Action item:
Only the stretch of the listing below that runs from the line with "Okładka książki Tarnowskie" through the line with "Heinrich Lhotzky - Worte" is to be printed, exactly and with both ends.

Data supplied:
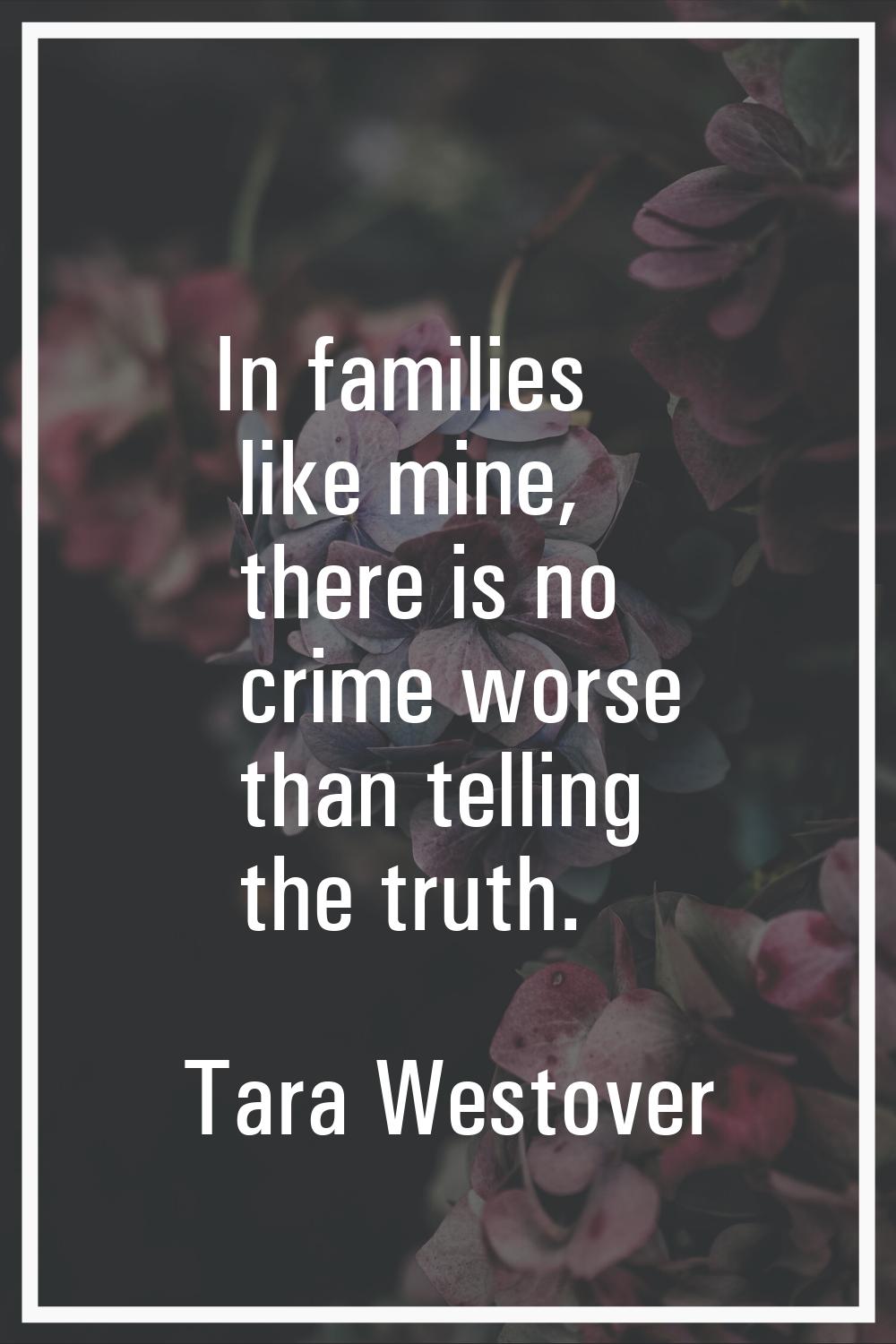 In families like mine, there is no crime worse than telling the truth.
...
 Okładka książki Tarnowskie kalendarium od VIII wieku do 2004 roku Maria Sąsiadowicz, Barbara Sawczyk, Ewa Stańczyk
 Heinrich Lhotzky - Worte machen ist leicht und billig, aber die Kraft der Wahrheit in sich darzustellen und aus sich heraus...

Result below:
 Okładka książki Tarnowskie kalendarium od VIII wieku do 2004 roku Maria Sąsiadowicz, Barbara Sawczyk, Ewa Stańczyk
 Heinrich Lhotzky - Worte machen ist leicht und billig, aber die Kraft der Wahrheit in sich darzustellen und aus sich heraus...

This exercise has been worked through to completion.